> **Your objective**: Copy the entries that appear below in full, leaving out any picture among them.
++++ Exercise input
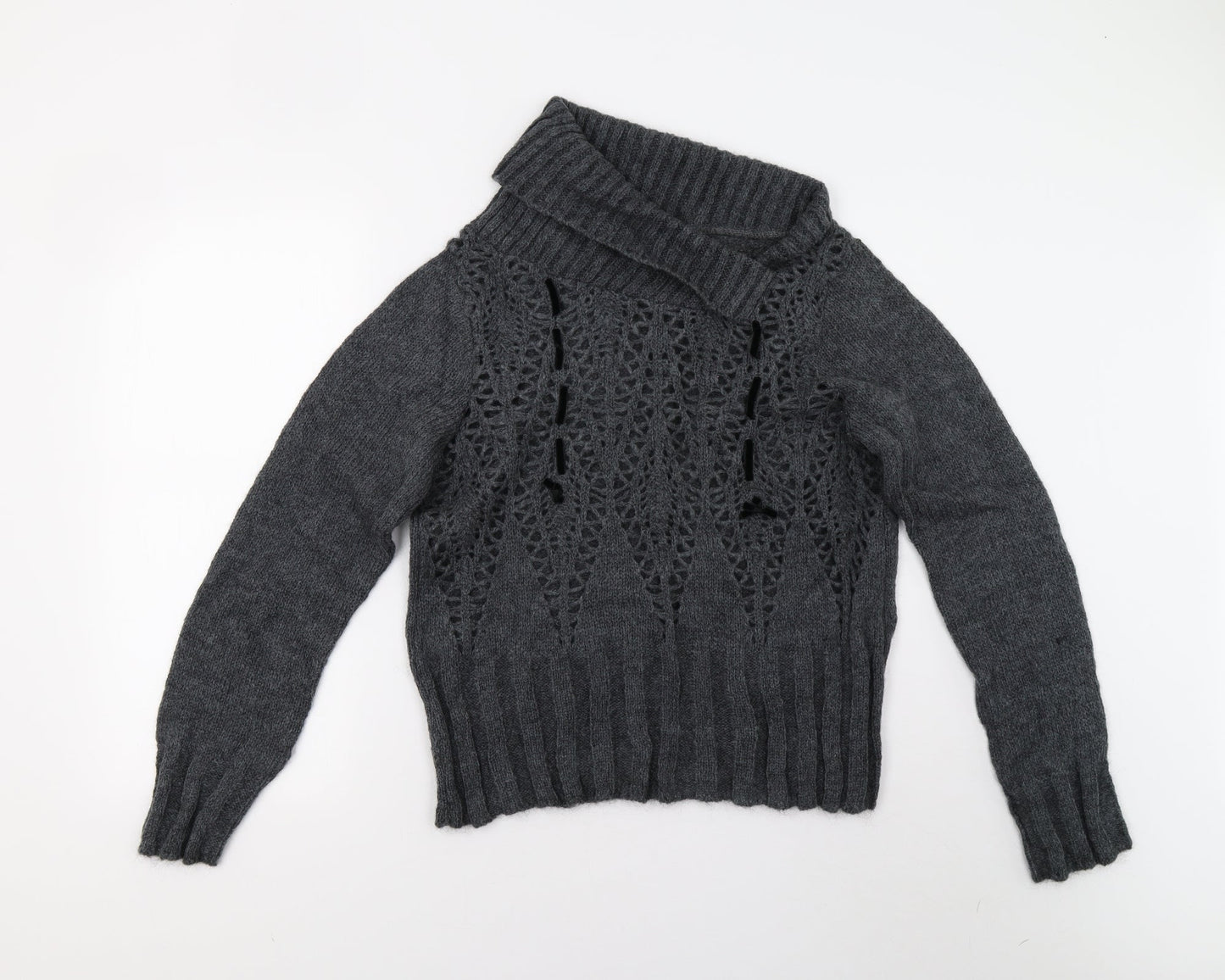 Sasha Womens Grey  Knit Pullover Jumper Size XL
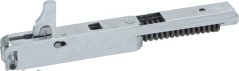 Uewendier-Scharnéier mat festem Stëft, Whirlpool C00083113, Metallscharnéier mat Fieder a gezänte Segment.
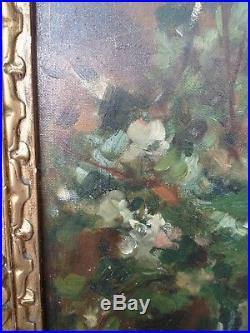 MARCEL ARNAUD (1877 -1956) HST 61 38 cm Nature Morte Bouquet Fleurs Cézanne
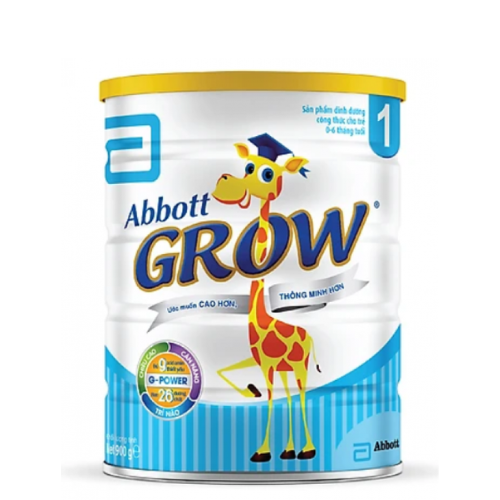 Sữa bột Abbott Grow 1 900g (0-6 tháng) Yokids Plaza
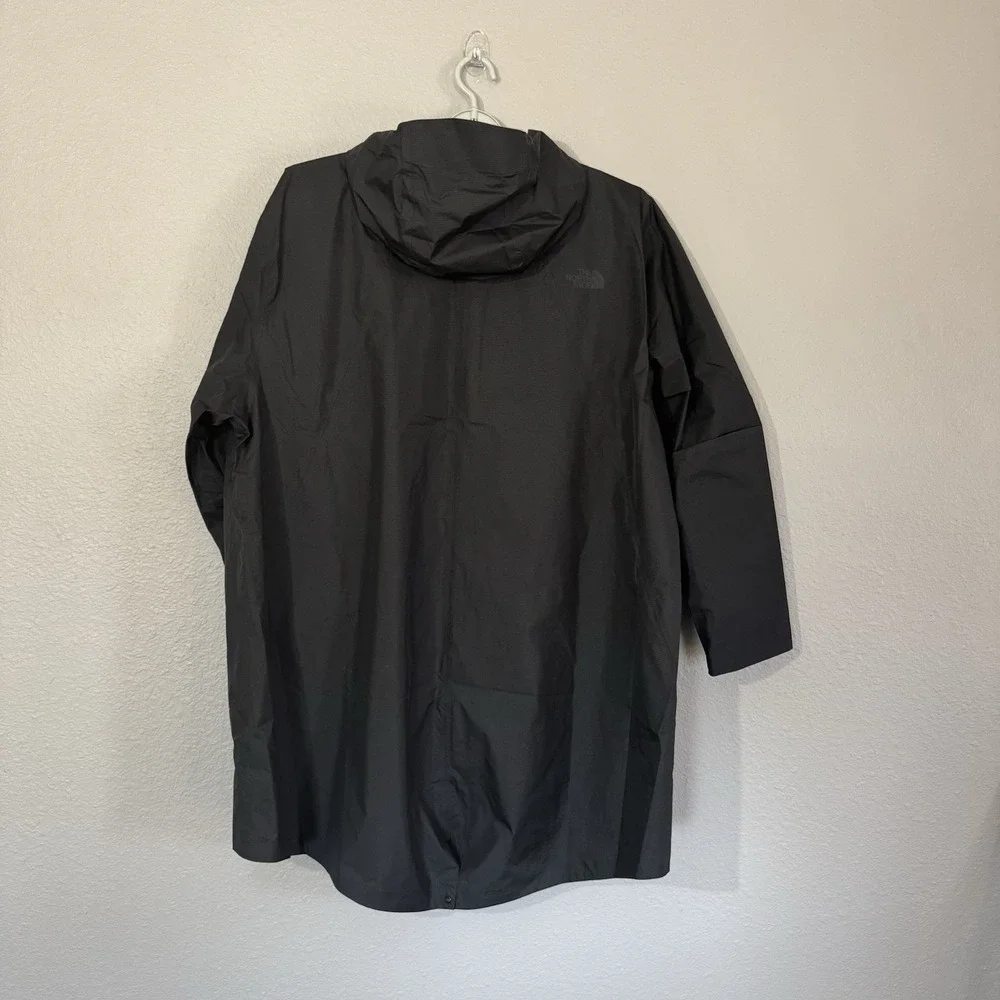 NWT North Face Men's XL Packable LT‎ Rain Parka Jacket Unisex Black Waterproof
++++++++
> **Answer area**:
 Sasha Womens Grey  Knit Pullover Jumper Size XL
 Uewendier-Scharnéier mat festem Stëft, Whirlpool C00083113, Metallscharnéier mat Fieder a gezänte Segment.
 MARCEL ARNAUD (1877 -1956) HST 61 38 cm Nature Morte Bouquet Fleurs Cézanne
 Sữa bột Abbott Grow 1 900g (0-6 tháng) Yokids Plaza
 NWT North Face Men's XL Packable LT‎ Rain Parka Jacket Unisex Black Waterproof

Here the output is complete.